PROVIDED ENTRIES:
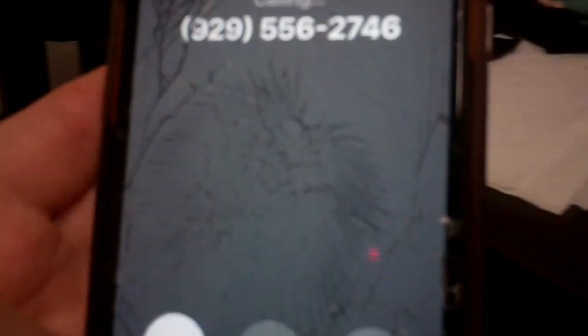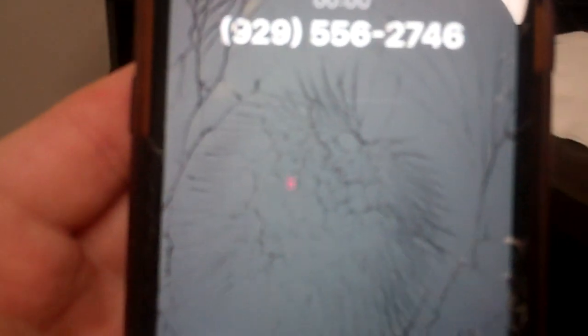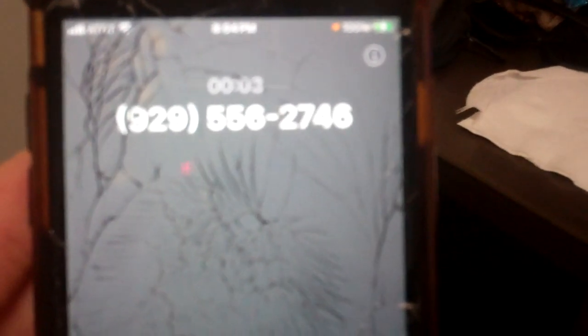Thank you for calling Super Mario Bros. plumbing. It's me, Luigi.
* * *
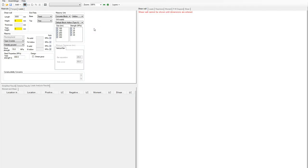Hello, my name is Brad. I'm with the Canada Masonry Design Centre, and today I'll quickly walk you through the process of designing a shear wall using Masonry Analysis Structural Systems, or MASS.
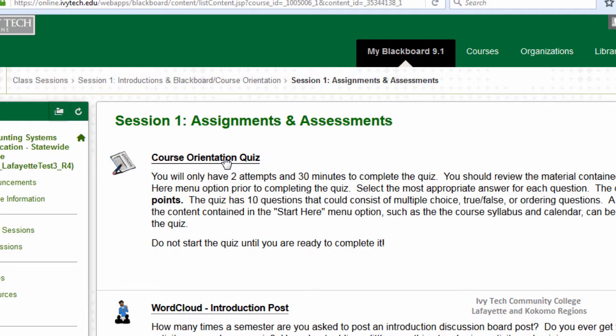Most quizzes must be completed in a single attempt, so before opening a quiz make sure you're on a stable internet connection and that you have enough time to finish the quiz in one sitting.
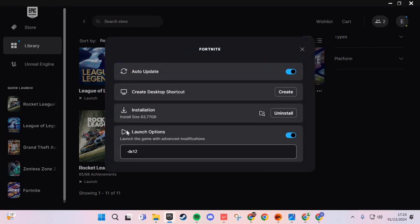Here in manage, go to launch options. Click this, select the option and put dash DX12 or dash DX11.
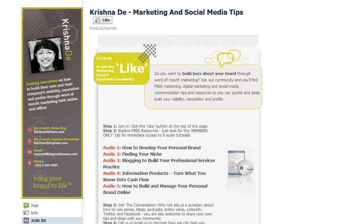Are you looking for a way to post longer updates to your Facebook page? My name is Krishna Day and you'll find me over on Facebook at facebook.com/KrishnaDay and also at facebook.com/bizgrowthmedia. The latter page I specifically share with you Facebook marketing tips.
...
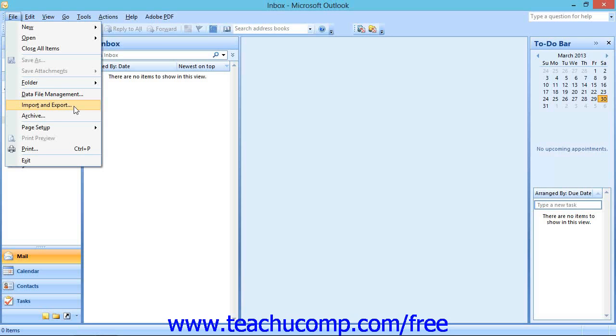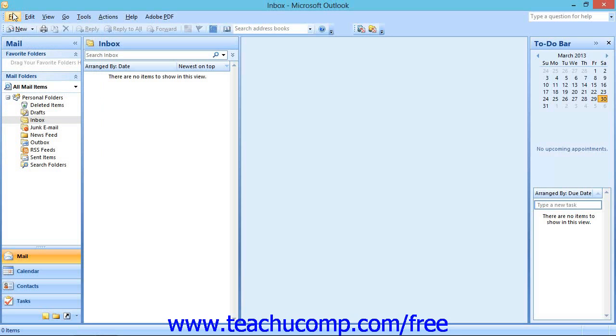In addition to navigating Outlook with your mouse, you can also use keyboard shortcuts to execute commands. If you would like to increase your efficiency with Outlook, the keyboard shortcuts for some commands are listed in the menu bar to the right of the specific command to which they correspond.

WHAT YOU NEED TO DO: Word for word, write out the lines above running from the one with "Here in manage, go" up to and including the one with "Are you looking". Drop any picture.

RESPONSE FOR THIS EXERCISE:
Here in manage, go to launch options. Click this, select the option and put dash DX12 or dash DX11.
Are you looking for a way to post longer updates to your Facebook page? My name is Krishna Day and you'll find me over on Facebook at facebook.com/KrishnaDay and also at facebook.com/bizgrowthmedia. The latter page I specifically share with you Facebook marketing tips.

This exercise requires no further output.